--- START ---

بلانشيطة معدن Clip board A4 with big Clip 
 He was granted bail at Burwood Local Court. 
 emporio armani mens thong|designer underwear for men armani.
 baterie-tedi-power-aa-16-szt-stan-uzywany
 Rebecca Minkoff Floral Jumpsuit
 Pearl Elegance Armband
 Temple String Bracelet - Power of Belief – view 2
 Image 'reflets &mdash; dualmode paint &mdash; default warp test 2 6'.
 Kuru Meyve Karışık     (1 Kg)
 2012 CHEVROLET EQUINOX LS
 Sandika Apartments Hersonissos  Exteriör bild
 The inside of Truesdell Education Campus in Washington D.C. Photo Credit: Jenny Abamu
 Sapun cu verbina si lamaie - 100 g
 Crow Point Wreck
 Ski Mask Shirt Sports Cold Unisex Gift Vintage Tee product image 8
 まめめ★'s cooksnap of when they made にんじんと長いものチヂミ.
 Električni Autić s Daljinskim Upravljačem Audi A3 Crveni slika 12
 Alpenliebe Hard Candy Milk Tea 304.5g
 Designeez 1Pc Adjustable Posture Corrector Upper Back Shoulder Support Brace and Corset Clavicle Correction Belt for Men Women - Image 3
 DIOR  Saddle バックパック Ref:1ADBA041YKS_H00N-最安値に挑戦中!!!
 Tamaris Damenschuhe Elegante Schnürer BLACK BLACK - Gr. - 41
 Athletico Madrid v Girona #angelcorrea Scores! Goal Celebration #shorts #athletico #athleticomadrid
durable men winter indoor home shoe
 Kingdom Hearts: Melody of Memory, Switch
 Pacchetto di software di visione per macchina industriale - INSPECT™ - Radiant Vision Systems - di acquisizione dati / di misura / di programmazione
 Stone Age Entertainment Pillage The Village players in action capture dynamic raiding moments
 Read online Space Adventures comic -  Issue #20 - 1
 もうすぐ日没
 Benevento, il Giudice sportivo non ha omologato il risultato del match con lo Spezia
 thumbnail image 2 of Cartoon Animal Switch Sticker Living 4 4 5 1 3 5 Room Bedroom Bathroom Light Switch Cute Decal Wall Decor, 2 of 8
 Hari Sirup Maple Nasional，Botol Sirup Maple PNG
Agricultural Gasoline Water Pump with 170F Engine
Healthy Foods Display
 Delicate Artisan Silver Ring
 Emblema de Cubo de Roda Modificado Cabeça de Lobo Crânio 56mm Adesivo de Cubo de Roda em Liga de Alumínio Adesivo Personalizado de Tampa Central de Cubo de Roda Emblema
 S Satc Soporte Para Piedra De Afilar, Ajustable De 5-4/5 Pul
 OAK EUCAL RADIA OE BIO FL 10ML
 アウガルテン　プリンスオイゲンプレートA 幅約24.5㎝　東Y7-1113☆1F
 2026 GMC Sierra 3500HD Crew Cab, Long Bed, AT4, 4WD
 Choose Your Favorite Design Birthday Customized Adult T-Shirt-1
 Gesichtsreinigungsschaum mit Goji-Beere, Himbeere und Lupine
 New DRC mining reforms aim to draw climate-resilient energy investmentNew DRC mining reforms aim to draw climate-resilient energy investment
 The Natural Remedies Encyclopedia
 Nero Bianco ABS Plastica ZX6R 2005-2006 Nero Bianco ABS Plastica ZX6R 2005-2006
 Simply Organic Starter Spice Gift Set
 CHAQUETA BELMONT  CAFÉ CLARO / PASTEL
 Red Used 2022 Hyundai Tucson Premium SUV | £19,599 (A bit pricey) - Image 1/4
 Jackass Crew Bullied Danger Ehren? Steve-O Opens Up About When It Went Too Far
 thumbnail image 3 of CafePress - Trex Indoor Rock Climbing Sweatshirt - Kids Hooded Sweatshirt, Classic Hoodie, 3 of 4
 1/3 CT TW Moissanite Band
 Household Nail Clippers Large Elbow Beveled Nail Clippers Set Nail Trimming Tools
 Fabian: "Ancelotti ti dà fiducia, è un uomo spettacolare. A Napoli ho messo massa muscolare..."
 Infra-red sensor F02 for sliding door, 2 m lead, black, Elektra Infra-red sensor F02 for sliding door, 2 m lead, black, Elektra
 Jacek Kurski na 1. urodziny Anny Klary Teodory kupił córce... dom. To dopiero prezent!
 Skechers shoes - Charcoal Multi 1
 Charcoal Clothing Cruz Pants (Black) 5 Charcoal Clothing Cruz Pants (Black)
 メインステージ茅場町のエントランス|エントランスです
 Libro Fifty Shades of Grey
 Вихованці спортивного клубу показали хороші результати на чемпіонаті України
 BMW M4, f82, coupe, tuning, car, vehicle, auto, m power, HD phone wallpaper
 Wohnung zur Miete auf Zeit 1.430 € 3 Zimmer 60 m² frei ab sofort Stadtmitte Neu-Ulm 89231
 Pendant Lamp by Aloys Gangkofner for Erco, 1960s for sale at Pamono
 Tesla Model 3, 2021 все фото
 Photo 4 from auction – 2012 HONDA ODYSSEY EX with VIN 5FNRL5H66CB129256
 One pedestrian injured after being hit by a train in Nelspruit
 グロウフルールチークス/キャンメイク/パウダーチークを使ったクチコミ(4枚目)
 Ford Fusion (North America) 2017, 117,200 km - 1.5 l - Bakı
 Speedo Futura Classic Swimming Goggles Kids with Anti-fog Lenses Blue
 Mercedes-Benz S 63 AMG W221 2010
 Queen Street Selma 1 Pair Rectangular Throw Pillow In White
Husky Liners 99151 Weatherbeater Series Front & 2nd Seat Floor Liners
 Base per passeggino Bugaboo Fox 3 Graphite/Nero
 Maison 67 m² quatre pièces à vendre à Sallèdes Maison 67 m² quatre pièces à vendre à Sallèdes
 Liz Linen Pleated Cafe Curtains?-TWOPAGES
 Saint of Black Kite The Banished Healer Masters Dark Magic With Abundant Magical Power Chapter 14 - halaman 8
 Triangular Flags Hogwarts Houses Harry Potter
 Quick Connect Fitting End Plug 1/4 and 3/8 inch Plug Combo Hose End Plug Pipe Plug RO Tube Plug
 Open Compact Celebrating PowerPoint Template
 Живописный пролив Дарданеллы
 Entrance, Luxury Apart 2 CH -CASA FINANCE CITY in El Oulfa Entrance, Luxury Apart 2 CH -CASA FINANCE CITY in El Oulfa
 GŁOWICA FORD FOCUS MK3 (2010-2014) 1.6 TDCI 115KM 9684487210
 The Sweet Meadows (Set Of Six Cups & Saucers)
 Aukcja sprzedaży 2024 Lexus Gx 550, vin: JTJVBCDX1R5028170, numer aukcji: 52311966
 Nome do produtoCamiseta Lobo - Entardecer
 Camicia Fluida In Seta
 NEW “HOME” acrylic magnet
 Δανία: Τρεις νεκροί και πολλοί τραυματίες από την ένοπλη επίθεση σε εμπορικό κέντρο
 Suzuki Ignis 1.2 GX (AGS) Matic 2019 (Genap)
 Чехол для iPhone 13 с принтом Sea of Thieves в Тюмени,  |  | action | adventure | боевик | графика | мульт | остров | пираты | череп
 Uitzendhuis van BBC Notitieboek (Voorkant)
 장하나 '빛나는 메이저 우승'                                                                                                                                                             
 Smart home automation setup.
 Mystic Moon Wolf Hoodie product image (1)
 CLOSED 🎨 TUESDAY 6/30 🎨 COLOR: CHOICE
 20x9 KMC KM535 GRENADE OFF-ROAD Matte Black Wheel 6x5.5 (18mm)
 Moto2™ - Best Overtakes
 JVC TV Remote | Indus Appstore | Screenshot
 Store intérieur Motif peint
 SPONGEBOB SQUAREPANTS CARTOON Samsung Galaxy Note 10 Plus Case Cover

--- END ---

- What the task asks
Using the material above, reproduce exactly the line that contains "Camicia Fluida In Seta" and all lines after it through the last one, and only those.

- Answer for the task
 Camicia Fluida In Seta
 NEW “HOME” acrylic magnet
 Δανία: Τρεις νεκροί και πολλοί τραυματίες από την ένοπλη επίθεση σε εμπορικό κέντρο
 Suzuki Ignis 1.2 GX (AGS) Matic 2019 (Genap)
 Чехол для iPhone 13 с принтом Sea of Thieves в Тюмени,  |  | action | adventure | боевик | графика | мульт | остров | пираты | череп
 Uitzendhuis van BBC Notitieboek (Voorkant)
 장하나 '빛나는 메이저 우승'                                                                                                                                                             
 Smart home automation setup.
 Mystic Moon Wolf Hoodie product image (1)
 CLOSED 🎨 TUESDAY 6/30 🎨 COLOR: CHOICE
 20x9 KMC KM535 GRENADE OFF-ROAD Matte Black Wheel 6x5.5 (18mm)
 Moto2™ - Best Overtakes
 JVC TV Remote | Indus Appstore | Screenshot
 Store intérieur Motif peint
 SPONGEBOB SQUAREPANTS CARTOON Samsung Galaxy Note 10 Plus Case Cover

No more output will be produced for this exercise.